The study evaluated an experimental drug called FG-2216. Treatment with FG-2216 significantly increased EPO production in dialysis patients, as well as in healthy people with normal kidneys. The greatest increase in EPO production occurred in dialysis patients whose kidneys were still present, but no longer functioning. FG-2216 also stimulated EPO production in dialysis patients who had no kidneys. The increase in EPO production in patients without kidneys was almost as high as in people with normally functioning kidneys. In the patients without kidneys, FG-2216 apparently stimulated production of EPO by the liver.
Vitamin C May Improve Resistant Anemia in Hemodialysis Patients 
vitaminsA study suggests vitamin C may benefit hemodialysis (HD) patients with anemia resistant to treatment with erythropoietin (EPO). The study included 47 HD patients with hemoglobin (Hb) levels below 11 g/dL and hyperferritinemia (iron levels greater than 300 ng/mL). Group one received standard care; group two received standard care and 500 mg of oral vitamin C per day; and group three received standard care plus 300 mg of IV vitamin C with each dialysis session.

 

After three months, Hb, hematocrit, and TSAT increased significantly in groups two and three, but remained unchanged in group one. EPO dose decreased significantly in groups two and three, but not in group one. The researchers concluded IV and oral vitamin C therapy can improve anemia, hyperferritemia and EPO resistance in HD patients, and the effect of IV and oral vitamin C are similar.
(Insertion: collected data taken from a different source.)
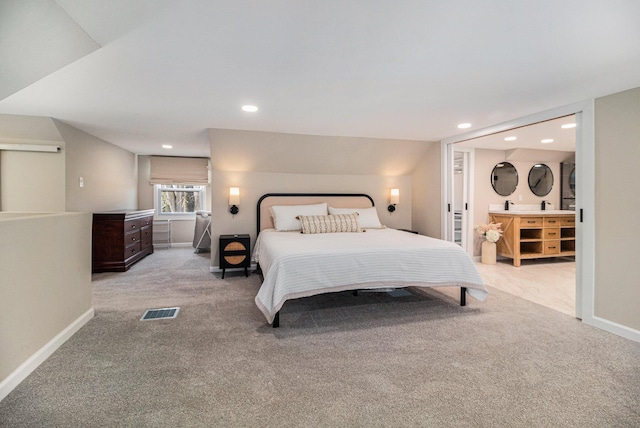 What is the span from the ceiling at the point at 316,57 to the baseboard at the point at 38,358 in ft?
5.62

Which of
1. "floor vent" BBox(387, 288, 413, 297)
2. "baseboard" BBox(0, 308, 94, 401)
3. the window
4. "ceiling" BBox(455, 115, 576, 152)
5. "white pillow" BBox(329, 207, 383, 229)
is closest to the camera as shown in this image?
"baseboard" BBox(0, 308, 94, 401)

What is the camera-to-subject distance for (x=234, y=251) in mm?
4559

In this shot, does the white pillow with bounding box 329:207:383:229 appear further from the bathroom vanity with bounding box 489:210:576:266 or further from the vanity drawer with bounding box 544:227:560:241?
the vanity drawer with bounding box 544:227:560:241

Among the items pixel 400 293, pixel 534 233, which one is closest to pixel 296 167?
pixel 400 293

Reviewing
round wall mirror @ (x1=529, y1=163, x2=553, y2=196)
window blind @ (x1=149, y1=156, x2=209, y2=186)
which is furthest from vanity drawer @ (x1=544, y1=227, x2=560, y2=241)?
window blind @ (x1=149, y1=156, x2=209, y2=186)

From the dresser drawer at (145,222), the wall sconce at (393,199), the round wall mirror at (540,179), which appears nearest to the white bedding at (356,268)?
the wall sconce at (393,199)

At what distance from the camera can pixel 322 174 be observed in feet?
18.0

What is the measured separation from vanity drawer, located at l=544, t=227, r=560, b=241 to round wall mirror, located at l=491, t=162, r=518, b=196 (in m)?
0.92

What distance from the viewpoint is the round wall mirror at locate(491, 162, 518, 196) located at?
5.93m

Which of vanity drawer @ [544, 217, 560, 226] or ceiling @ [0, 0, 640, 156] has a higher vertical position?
ceiling @ [0, 0, 640, 156]

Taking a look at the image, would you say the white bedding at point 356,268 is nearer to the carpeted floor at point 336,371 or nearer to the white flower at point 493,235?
the carpeted floor at point 336,371

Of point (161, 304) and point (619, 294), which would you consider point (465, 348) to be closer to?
point (619, 294)

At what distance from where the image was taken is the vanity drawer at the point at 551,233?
5.51 meters

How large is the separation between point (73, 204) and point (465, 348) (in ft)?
17.1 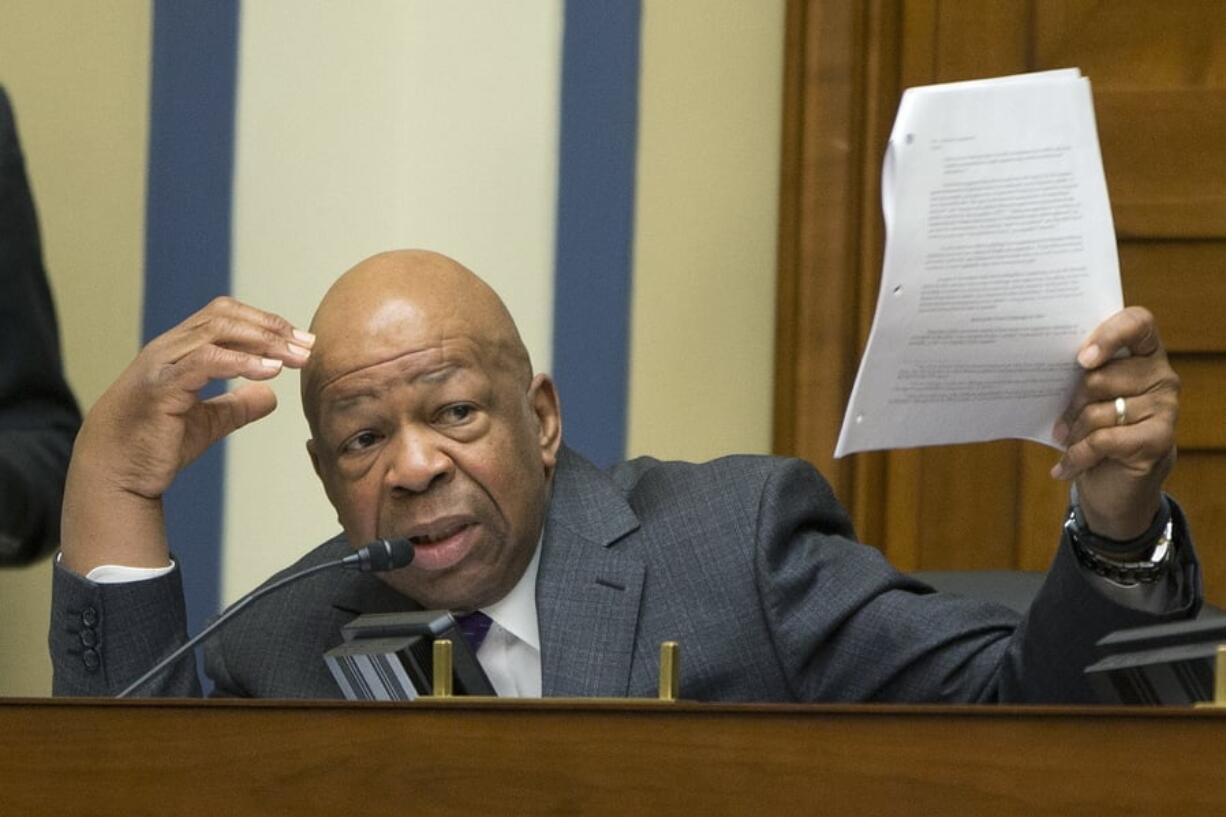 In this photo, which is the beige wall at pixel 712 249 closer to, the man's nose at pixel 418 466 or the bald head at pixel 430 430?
the bald head at pixel 430 430

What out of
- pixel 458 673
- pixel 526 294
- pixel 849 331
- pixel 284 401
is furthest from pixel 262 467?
pixel 458 673

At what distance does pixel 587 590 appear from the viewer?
221cm

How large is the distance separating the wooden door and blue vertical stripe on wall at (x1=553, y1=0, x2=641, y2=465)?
251 mm

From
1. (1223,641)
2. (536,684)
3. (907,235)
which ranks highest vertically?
(907,235)

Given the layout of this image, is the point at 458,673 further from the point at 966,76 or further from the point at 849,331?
the point at 966,76

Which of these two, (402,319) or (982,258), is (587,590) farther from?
(982,258)

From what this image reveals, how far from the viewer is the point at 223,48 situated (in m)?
3.36

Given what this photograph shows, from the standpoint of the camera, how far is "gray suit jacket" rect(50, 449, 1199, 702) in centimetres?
214

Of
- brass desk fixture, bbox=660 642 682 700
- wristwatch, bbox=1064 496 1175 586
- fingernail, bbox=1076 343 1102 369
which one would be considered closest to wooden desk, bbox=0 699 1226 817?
brass desk fixture, bbox=660 642 682 700

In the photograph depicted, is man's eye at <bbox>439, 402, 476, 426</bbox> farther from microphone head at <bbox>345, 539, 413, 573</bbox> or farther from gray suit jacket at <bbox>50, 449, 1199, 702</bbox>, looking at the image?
microphone head at <bbox>345, 539, 413, 573</bbox>

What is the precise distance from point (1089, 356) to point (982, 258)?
5.9 inches

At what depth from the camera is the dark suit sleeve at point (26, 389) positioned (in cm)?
259

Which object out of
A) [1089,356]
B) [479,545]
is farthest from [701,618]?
[1089,356]

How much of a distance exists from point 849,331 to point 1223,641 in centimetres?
177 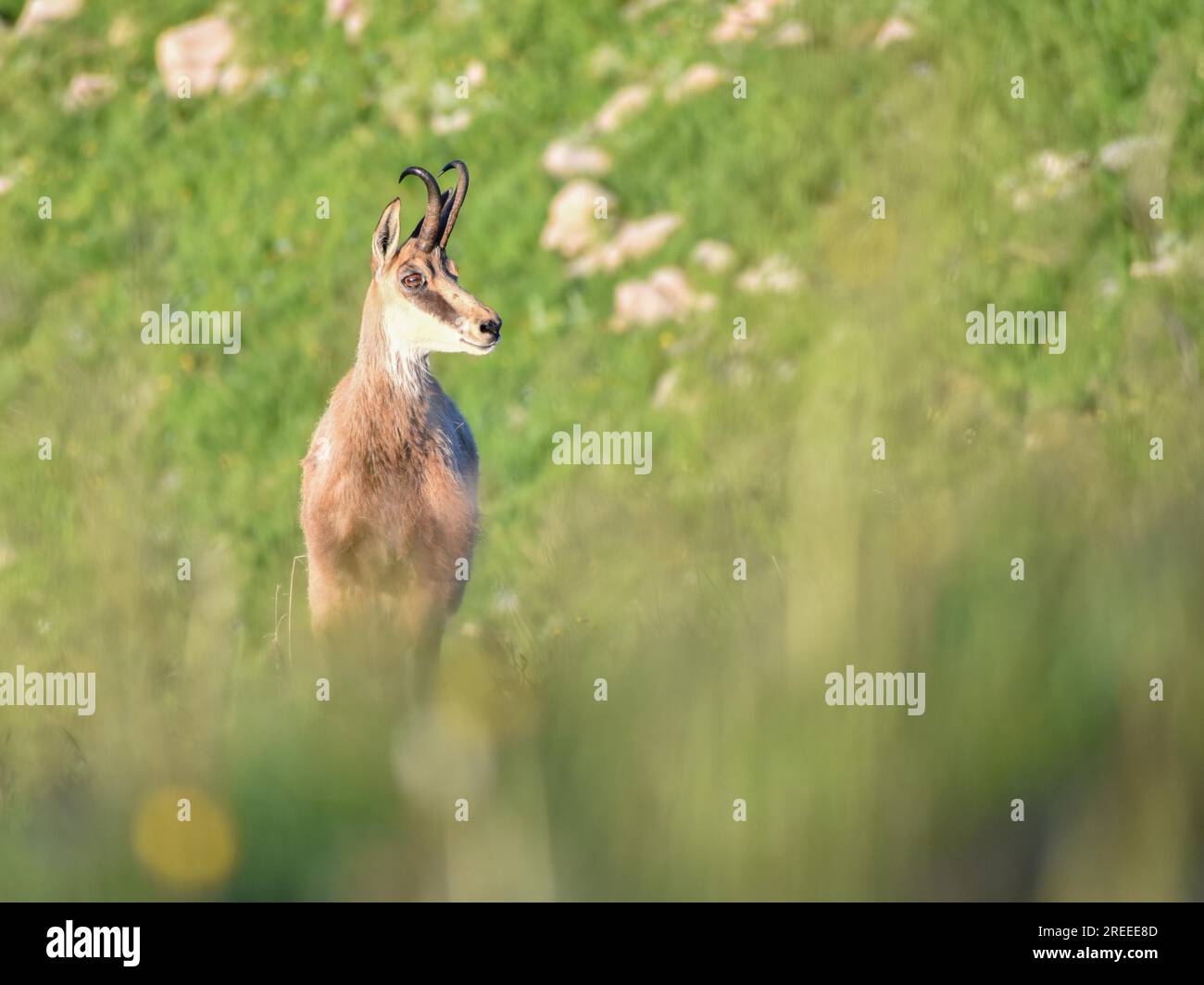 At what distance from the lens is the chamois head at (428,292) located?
30.6ft

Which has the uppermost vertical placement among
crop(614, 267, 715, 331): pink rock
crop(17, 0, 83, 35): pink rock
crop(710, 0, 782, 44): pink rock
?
crop(17, 0, 83, 35): pink rock

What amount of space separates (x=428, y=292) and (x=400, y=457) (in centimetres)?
106

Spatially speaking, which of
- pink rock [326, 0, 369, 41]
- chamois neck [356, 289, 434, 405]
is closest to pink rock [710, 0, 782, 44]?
pink rock [326, 0, 369, 41]

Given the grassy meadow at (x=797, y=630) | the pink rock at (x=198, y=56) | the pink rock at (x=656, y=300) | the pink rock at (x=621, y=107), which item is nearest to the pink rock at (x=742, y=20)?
the pink rock at (x=621, y=107)

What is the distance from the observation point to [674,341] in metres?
14.6

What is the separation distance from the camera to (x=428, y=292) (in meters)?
9.38

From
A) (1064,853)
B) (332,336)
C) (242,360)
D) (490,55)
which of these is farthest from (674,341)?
(1064,853)

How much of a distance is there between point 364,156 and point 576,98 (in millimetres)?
2588

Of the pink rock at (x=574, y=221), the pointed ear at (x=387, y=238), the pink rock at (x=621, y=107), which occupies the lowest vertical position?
the pointed ear at (x=387, y=238)

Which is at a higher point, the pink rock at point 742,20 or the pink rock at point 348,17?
the pink rock at point 348,17

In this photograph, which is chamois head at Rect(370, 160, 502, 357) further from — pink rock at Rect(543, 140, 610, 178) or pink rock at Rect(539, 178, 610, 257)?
pink rock at Rect(543, 140, 610, 178)

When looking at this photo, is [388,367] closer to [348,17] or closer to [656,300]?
[656,300]

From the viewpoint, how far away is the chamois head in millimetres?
9312

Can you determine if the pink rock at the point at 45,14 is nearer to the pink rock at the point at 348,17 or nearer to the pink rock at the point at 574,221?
the pink rock at the point at 348,17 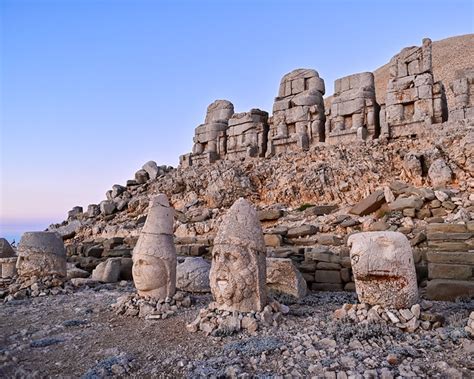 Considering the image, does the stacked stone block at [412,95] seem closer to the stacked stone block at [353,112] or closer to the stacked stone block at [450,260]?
the stacked stone block at [353,112]

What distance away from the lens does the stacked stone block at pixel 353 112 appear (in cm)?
1547

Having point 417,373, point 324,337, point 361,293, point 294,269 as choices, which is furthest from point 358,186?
point 417,373

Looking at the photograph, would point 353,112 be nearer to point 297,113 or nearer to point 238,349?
point 297,113

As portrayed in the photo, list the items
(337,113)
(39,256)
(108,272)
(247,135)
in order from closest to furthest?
1. (39,256)
2. (108,272)
3. (337,113)
4. (247,135)

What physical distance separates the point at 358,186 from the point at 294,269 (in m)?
6.29

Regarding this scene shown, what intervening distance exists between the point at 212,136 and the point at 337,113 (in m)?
6.92

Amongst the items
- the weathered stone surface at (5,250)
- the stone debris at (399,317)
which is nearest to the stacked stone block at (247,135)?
the weathered stone surface at (5,250)

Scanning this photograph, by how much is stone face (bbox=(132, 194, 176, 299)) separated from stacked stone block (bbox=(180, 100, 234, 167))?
41.4 feet

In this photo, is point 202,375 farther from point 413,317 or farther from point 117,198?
point 117,198

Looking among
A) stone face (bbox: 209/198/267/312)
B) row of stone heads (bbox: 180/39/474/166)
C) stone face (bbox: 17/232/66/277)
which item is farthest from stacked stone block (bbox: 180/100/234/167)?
stone face (bbox: 209/198/267/312)

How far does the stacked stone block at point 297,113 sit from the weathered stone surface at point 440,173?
5.47 metres

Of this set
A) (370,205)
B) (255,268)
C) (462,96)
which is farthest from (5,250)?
(462,96)

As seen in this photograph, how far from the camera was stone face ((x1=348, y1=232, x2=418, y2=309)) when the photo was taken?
5543mm

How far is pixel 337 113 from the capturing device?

Understanding Sudden Cardiac Death in Dialysis Patients

neph nurseApproximately 500,000 Americans require dialysis to treat kidney disease; of that population nearly half of the deaths that occur are caused by cardiovascular disease. Dialysis patients have extraordinarily high mortality rates with cardiac disease accounting for 43 percent of deaths in this population and approximately 27 percent of the mortalities are due to sudden cardiac death. Patients on dialysis are excluded from clinical trials examining sudden cardiac death because of their kidney disease. The lack of research complicates doctors' ability to understand the connection between renal disease and cardiovascular disease. The risk of cardiac arrest in dialysis patients is related to age and dialysis duration. Longer dialysis duration is associated with higher mortality.

 

By analyzing USRDS data, researchers are beginning to better understand how cardiovascular disease affects renal patients and to develop plans for preventing sudden cardiac death. The best methods for prevention are medicinal options, including beta-blockers, ACE inhibitors and angiotensin type II receptor blockers (ARB), or both external and implantable defibrillators. The research also indicates a connection between potassium levels in a patient's dialysate prescription and sudden cardiac death. Patients who suffered a cardiac arrest during dialysis were twice as likely to be on low-potassium dialysate versus higher levels of potassium, which were associated with the best survival rates.

High Phosphorus Raises Death Risk in Peritoneal Dialysis Patients
Hyperphosphatemia is associated with an increased six-year mortality risk in patients on chronic peritoneal dialysis (CPD), a new study shows. Researchers identified 12,170 CPD patients who underwent PD treatment for at least 90 days in dialysis clinics from July 2001 to June 2006. The researchers divided subjects into eight groups based on serum phosphorus level.

 

Compared with a reference value of 5.0-6.0 mg/dL, a phosphorus level greater than 7.0 was associated with increased six-year mortality risk after adjusting for demographics and co-morbid conditions. Patients with a phosphorus level of 7.0-8.0 had a 30 percent increased death risk. Patients with levels of 8.0-9.0 and 9.0 or higher had a 60 percent increased risk. Lower baseline phosphorus levels (below 5.0) appeared protective. Patients with serum phosphorus levels of 4.0-5.0, 3.0-4.0, and below 3.0 were at 21, 22, and 19 percent decreased risk of death, respectively.